See, this is why a lot of people will still want to develop apps for the iPhone. Heck, I know only the most basic of things about programming and even I want to develop apps for the iPhone. In the end it all comes down to one thing: what’s in it for me? The answer, as far as the app store is concered, A LOT.
Take the story of Steve Demeter, for instance. This guy slaved away for God knows how long to get a Tetris-inspired game for the iPhone available in the app store. His game is called Trism, and if you’ve ever played it, you’d know that it borrows a few concepts from that popular block-destructing game.
Trism has been available in the app store for two months at only $5 a piece. And what has it given Steve back so far? Knowledge, experience, and $250,000.
The combination of an easy way to pay (credit card/iTunes GC) and an easy way to install (app store) makes customers more comfortable at purchasing programs for their iPhones (and iPod Touch). At the same time, developers have it easy when it comes to iPhone app development. From getting started, actual development, and final deployment to the public through the app store, Apple provides the simplest of set-ups.

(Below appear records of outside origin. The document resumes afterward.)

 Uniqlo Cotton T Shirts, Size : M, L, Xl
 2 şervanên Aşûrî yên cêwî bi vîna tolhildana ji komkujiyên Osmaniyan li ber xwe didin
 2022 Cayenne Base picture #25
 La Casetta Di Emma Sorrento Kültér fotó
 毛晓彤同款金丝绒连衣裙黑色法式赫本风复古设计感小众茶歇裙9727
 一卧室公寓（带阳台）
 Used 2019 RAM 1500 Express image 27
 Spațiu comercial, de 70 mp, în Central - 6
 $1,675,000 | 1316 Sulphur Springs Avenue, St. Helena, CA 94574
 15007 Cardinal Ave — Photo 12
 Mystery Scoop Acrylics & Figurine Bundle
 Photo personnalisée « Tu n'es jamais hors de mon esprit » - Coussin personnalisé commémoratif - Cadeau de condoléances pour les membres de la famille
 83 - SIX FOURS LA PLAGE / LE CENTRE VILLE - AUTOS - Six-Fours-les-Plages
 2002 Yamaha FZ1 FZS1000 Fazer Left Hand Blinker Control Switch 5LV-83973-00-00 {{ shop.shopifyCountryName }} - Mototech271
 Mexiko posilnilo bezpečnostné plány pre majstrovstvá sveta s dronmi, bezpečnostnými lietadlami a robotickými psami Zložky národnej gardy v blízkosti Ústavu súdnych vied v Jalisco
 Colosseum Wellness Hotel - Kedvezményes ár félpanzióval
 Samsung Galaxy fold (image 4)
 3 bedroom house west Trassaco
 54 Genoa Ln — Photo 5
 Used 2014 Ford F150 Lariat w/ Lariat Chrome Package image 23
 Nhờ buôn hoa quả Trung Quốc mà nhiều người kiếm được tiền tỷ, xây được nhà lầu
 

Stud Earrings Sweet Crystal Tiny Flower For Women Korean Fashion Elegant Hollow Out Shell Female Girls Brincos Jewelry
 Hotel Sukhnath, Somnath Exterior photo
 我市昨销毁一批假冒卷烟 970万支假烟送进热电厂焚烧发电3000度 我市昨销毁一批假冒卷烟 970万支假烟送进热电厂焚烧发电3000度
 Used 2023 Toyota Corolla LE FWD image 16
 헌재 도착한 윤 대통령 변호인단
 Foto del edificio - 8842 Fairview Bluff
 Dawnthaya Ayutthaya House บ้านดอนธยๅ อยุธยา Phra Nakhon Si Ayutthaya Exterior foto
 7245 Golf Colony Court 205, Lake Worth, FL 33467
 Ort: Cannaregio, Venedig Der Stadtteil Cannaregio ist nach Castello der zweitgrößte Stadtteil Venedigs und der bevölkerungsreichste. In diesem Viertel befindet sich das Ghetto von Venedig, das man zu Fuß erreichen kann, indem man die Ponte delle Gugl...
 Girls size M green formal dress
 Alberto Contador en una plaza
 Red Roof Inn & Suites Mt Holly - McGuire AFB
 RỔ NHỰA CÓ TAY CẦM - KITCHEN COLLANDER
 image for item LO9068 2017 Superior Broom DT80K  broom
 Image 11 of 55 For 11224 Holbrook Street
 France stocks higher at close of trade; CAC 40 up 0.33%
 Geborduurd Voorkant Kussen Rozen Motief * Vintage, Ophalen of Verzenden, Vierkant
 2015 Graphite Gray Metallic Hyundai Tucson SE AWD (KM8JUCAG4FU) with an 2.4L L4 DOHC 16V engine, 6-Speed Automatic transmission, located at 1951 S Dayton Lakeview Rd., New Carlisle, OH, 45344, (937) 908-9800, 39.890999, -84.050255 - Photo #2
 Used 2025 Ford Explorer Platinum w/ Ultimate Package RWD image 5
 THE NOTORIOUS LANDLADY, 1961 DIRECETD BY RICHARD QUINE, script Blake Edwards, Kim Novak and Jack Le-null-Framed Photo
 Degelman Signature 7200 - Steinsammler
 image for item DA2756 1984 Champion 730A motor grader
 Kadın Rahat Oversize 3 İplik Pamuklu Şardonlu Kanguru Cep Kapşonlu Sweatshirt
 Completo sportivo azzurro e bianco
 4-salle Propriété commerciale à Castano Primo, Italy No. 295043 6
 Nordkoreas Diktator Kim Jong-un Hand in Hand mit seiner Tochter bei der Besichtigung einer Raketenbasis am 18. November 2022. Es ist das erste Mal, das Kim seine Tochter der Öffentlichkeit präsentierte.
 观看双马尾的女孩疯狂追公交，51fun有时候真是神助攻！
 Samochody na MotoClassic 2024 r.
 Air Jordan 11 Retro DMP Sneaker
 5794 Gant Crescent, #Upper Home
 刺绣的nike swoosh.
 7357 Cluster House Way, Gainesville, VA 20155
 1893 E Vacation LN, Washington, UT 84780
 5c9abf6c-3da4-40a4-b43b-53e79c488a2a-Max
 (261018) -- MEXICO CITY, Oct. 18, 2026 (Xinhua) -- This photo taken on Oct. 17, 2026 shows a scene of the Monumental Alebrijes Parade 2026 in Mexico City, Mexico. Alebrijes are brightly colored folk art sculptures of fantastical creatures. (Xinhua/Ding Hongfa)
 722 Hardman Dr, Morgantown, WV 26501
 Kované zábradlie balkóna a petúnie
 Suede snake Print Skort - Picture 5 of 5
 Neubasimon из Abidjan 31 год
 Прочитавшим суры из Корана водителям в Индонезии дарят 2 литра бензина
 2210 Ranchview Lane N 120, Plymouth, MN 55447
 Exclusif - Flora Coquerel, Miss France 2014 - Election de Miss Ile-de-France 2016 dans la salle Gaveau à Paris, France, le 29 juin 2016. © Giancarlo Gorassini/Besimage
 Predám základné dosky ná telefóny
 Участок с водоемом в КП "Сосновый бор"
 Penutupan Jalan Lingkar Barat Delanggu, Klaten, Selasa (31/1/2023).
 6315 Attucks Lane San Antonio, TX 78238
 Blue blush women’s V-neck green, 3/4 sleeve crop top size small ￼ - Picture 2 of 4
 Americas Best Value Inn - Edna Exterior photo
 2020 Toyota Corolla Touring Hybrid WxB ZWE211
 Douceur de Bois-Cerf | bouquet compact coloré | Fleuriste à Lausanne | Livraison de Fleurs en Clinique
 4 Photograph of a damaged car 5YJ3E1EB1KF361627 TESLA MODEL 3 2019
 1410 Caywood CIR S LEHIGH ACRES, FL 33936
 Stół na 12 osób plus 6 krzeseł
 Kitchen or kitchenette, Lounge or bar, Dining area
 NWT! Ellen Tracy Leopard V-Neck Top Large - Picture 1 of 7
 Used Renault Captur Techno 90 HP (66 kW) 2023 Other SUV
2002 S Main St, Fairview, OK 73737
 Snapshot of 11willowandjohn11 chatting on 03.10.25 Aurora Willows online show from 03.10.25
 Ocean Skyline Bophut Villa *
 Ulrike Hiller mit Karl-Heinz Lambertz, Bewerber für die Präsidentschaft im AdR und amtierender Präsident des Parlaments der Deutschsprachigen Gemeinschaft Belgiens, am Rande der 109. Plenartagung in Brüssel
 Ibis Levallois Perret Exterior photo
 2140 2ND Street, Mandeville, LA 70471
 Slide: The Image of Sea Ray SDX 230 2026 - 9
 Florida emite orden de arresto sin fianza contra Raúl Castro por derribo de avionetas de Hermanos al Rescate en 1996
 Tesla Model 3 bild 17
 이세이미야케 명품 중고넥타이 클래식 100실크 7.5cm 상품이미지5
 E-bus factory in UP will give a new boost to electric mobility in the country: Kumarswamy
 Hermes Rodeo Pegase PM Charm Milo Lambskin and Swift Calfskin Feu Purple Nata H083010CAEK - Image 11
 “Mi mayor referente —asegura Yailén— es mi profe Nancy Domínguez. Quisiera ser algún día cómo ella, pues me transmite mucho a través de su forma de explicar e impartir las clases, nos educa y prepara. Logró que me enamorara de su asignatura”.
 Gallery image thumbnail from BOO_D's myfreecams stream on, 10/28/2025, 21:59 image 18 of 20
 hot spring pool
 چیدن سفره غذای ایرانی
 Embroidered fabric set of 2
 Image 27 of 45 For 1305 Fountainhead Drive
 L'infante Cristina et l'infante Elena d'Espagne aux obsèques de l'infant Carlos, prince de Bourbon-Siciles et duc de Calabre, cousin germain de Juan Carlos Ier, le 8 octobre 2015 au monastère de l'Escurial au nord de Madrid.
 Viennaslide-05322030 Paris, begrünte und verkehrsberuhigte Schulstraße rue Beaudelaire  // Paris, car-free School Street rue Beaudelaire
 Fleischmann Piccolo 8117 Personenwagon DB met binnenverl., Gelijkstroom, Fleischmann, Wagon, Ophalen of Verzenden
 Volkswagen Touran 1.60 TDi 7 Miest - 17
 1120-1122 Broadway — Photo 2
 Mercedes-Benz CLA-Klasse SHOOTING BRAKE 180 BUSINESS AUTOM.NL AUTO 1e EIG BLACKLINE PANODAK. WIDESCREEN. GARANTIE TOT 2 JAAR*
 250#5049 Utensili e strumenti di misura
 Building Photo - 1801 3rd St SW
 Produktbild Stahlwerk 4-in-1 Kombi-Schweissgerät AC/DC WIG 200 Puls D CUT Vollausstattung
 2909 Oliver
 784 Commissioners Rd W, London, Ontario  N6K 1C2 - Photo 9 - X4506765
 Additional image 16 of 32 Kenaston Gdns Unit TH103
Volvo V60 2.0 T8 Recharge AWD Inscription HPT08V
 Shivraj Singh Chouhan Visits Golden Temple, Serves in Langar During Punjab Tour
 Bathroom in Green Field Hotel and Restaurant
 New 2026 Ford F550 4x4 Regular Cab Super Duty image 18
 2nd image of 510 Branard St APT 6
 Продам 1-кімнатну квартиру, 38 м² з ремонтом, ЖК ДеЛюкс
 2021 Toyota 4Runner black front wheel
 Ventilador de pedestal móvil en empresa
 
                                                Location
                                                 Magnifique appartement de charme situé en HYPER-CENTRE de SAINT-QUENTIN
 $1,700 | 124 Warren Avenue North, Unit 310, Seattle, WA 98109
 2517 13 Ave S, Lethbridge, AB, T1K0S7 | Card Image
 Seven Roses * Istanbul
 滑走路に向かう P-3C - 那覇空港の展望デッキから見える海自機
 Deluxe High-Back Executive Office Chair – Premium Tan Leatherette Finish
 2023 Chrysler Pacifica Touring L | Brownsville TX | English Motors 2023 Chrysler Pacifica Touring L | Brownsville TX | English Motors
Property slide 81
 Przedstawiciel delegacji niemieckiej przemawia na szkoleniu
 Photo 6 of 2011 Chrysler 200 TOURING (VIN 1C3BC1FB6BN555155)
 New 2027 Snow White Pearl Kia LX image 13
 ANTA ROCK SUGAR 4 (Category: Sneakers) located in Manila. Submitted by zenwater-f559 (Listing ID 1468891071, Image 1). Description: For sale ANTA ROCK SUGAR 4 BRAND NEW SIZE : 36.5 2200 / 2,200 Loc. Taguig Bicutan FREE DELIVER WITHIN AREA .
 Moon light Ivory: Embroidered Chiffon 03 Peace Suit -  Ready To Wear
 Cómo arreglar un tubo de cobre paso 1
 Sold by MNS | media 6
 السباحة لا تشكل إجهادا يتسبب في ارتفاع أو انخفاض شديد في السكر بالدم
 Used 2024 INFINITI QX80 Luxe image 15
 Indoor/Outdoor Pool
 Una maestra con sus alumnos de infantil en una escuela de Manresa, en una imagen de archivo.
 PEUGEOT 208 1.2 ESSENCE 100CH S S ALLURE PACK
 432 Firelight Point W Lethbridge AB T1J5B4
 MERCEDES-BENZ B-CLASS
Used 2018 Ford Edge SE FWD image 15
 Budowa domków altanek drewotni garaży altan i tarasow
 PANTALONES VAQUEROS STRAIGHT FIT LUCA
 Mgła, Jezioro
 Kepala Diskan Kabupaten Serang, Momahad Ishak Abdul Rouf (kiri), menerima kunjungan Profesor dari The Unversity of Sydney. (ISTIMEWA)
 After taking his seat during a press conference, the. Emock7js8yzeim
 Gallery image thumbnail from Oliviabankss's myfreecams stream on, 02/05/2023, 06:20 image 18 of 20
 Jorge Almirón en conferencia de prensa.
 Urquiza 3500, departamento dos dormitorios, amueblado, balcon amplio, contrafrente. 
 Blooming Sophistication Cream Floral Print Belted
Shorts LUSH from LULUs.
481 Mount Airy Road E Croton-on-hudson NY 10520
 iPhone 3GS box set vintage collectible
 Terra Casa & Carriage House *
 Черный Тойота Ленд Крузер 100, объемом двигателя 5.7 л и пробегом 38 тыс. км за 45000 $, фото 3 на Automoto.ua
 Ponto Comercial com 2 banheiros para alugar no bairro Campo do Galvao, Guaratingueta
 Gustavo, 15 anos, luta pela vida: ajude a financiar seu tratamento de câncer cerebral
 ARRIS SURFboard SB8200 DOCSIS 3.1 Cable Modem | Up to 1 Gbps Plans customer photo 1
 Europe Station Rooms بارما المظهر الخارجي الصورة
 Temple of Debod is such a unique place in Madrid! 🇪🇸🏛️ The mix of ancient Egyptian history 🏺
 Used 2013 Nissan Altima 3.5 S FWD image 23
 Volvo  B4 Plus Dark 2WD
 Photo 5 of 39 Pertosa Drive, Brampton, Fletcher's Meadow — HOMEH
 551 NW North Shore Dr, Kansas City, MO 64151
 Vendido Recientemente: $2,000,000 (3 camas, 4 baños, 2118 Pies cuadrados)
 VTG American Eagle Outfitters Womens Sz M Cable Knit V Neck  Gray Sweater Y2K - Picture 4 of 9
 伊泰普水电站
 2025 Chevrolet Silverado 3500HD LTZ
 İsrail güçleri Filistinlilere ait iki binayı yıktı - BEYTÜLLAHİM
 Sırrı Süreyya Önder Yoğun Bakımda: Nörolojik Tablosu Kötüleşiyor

Sure, there’s always the risk that you’re application might not get approved by Apple, but surely you’ve got other ideas up your sleeve. And of course, you can always submit you application again for review. Who knows? It might get accepted the next time.
In any case, there’s been a lot of buzz about Apple’s iron hand when it comes to implementing its heavily-clouded app store policies recently, so hopefully things change a bit in the not-so-distant future.